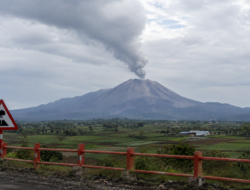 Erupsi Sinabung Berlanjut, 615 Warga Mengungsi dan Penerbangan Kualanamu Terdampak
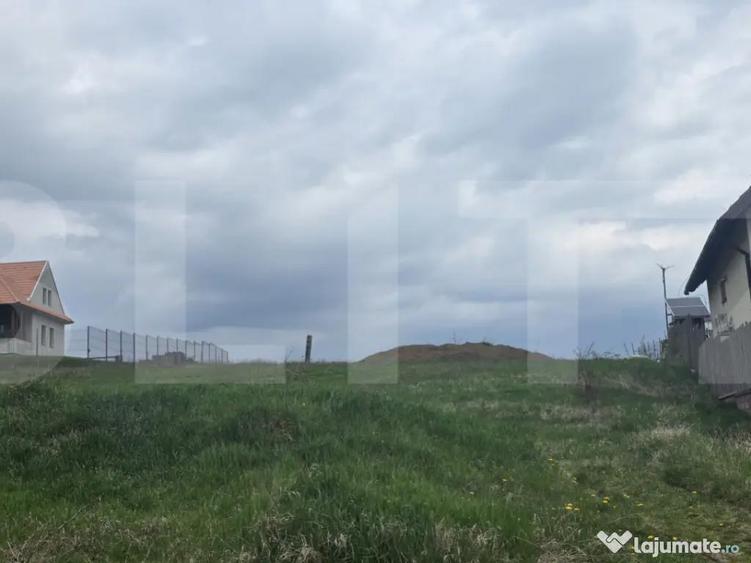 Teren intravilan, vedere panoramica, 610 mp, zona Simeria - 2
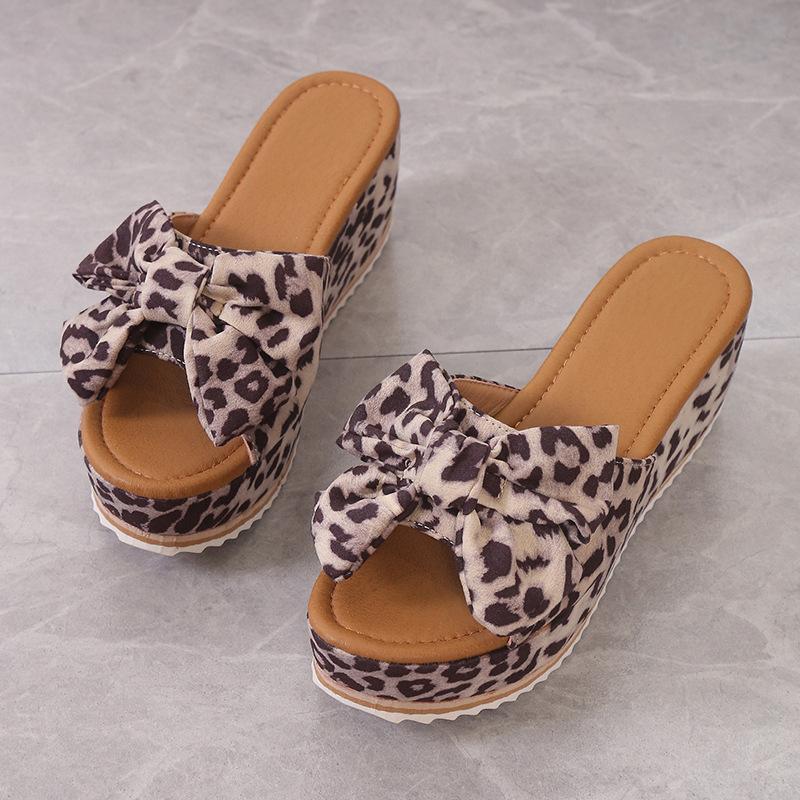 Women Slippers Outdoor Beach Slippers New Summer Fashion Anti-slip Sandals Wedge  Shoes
**********
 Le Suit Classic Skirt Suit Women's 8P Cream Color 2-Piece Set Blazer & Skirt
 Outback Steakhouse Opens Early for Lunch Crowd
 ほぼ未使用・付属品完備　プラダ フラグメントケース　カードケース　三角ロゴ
**********
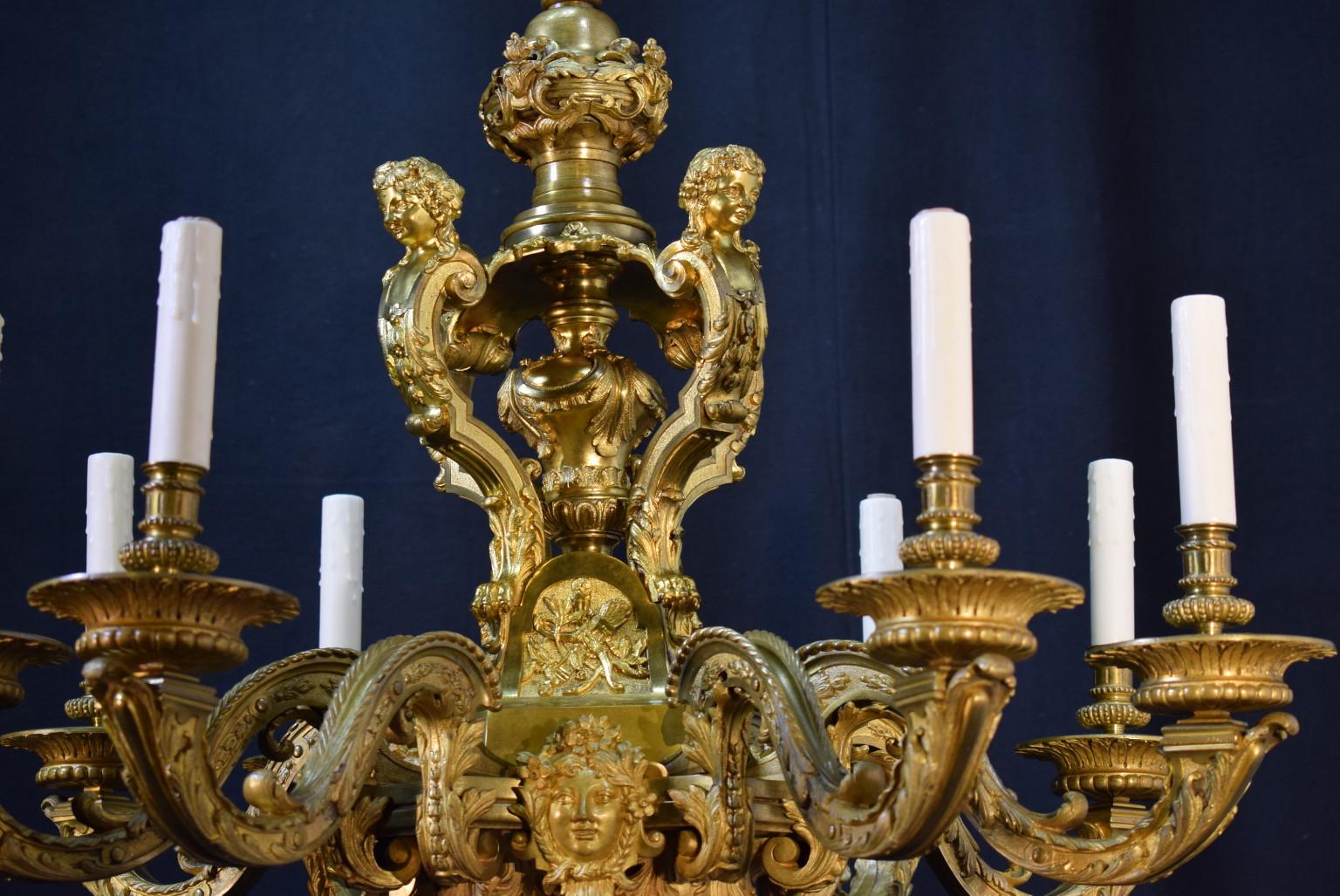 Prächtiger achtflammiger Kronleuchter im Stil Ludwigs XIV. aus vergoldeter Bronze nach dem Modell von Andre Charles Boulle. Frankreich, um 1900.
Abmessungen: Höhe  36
**********
▶ _PROBLEM REQUIREMENTS_: Print everything from the line with "Erupsi Sinabung Berlanjut, 615" down to the line with "Women Slippers Outdoor" in the entries above, both lines included and nothing more, without the pictures.

▶ _SOLVED EXERCISE_:
 Erupsi Sinabung Berlanjut, 615 Warga Mengungsi dan Penerbangan Kualanamu Terdampak
 Teren intravilan, vedere panoramica, 610 mp, zona Simeria - 2
 Women Slippers Outdoor Beach Slippers New Summer Fashion Anti-slip Sandals Wedge  Shoes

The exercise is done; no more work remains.